Emma-Kate Mills I woke up to feed my baby and turned on the TV. I could not believe what my eyes were seeing. Terrible things were happening; people jumping from impossible heights, and when the towers came down, my heart sank for all those people trapped within. It was a horrible thing to watch live on TV, I felt so helpless. Any day can be your last. It makes you hold those you love tighter.
Allison C-k I woke up and my partner had put the TV on in the bedroom. I saw footage of a plane going into the towers and I asked him why he was watching a movie so early. He said it was the news and we sat on the bed together, speechless and was so very, very sad. We went into work very late; no-one asked questions and we all had tears whilst we talked about what was happening. It was such a sombre day.
Chris Sims I had just woken up in the truck at a small winery near Griffith, where I was to fill both tanker trailers to take to Margaret River in Western Australia. I always left the radio on the ABC turned down low while I slept as it provided white nose.
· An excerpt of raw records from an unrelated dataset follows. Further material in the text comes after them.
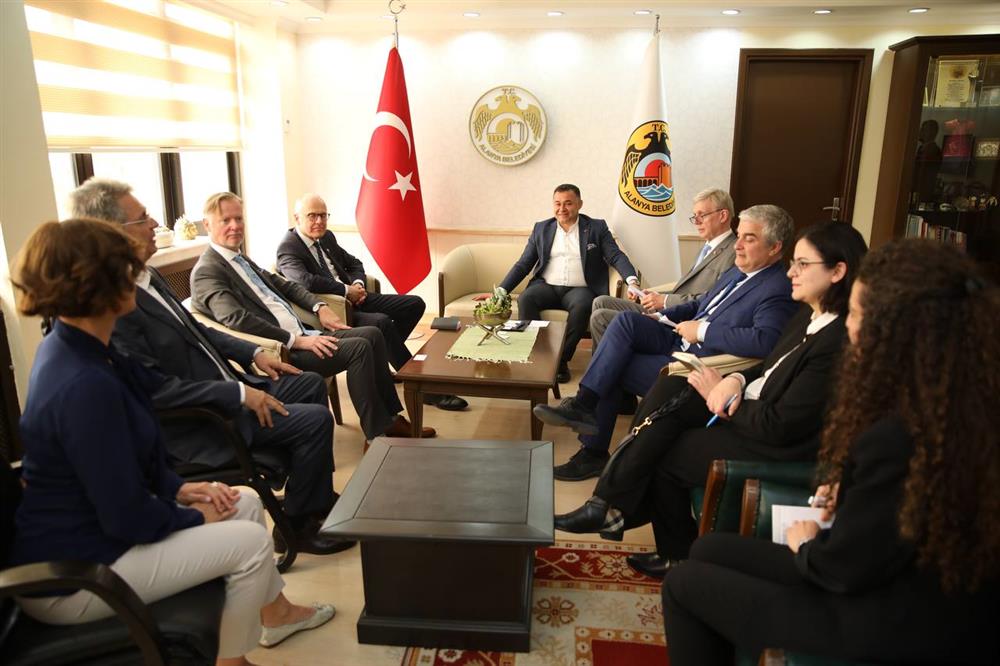5ELÇİ 2 4124a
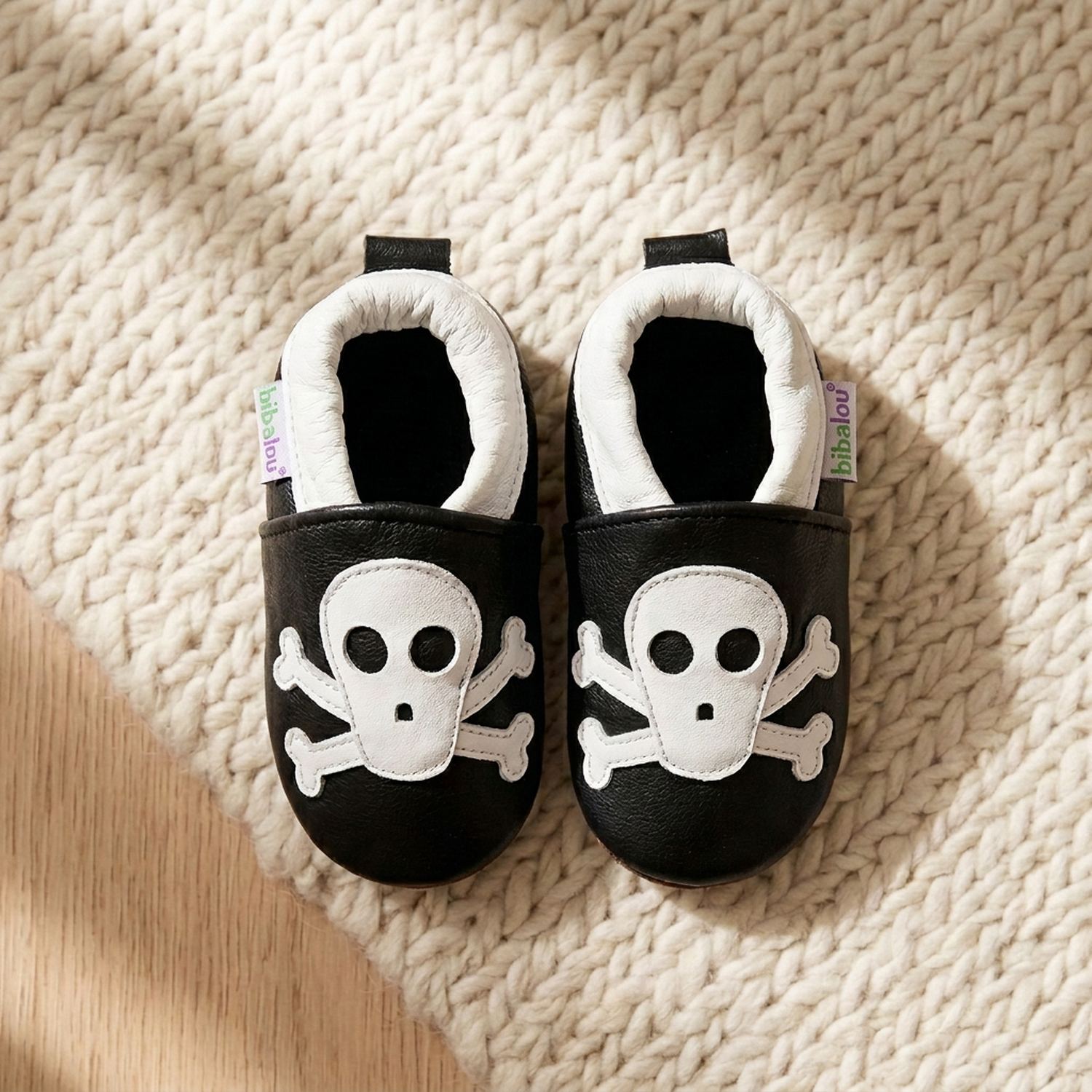 chaussons-bebe-cuir-souple-rock-n-roll-squelette-vue-dessus-2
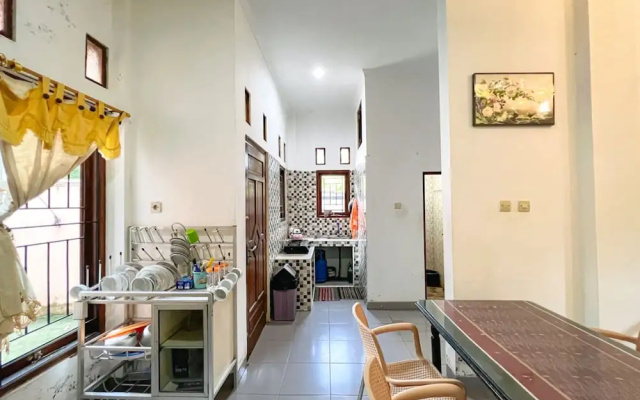 Homestay Jogja Jakal 3 Dekat UGM by Simply Homy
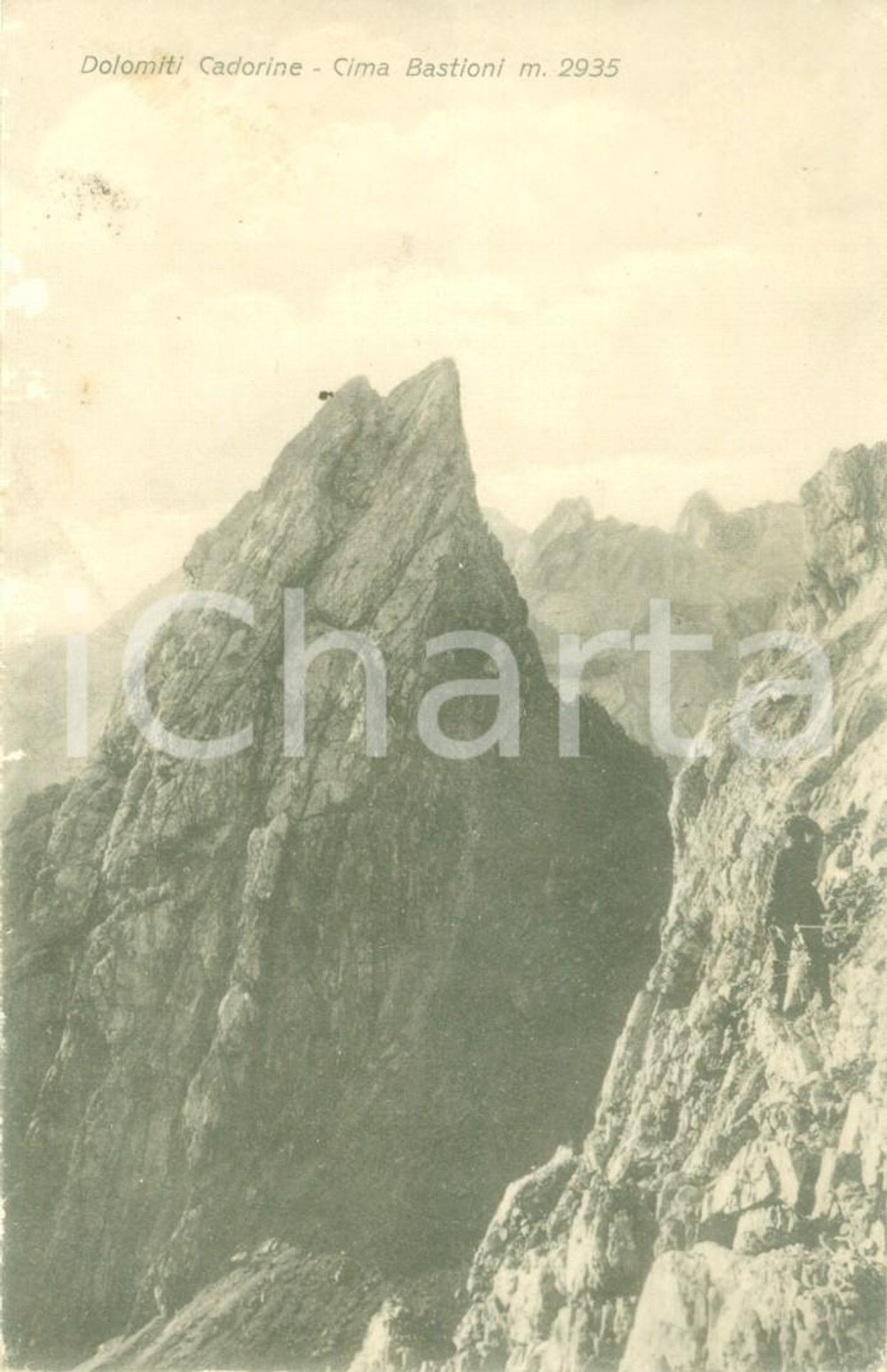 Cartolina originale da collezione 1930 ca CALALZO DI CADORE Scalatore sulla Cima BASTIONI alle DOLOMITI Cartolina 1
Initially when I woke, I thought that there was some sort of science fiction radio play on; then it slowly dawned on me that it was a live broadcast. The enormity of what had happened took most of the day to hit me, and of course there was talk of little else on the CB. The world changed that day and it is very sad that it happened in the name of religion. My sympathy goes out to all those left who have to deal with their loss and the horror of it daily.
Brad Davis I was in Adelaide living with a man from New York. It was a scary night.
Mark Lance I was working an afternoon shift at the Mitsubishi engine plant at Lonsdale. I can remember hearing it as it was happening, broadcast over the radio. My dad said he woke up and mum was watching it on TV. He thought she was watching the towering inferno as it looked like a movie. Too unbelievable to think it was real. I got home at 4am to see it was dominating every TV channel and I watched in disbelief as the towers came down. We have a photo we took of the towers standing proud taken on a cruise around Manhattan Island in 1996. It is enlarged and hanging in our pool room.
Anne and Alan Carr My husband and I were returning to England, after having spent a glorious year in Victor. My husband had swapped duties, for the year, with another paramedic from the Victor Harbor ambulance station. We basically swapped lives for the year. We were very sad and upset to be leaving our amazing friends, that we had made there and were on a stopover in Kuala Lumpur, in a hotel beside the Petronas Twin Towers. It was the very early hours of the morning and I couldn't sleep. When it came on the CNN channel in the room, we were, as everyone else, in shock at what we were seeing. We had to fly back that night over Afghanistan, leaving at midnight. I remember watching them load our luggage onto the plane as we were watching the TV footage of the planes going through both the towers and then them collapsing. I can tell you it was the quietest flight we have been on. We came back into Heathrow to complete and utter bedlam, but were so grateful to be coming back to our family after not seeing them for over a year. We, as everyone else, thought that, this was going to be the beginning of the end, but knowing that nothing would ever be the same again.
Sara Bruce I was in the South Coast District Hospital very ill with a six-week-old baby. I remember the night duty nurses turning on the TV in the empty room next to me to watch the disaster unfold. They were in and out all night and not many of us patients could sleep. It was like a movie at first then the sad reality of it dawned on us. The world really hasn't been the same since.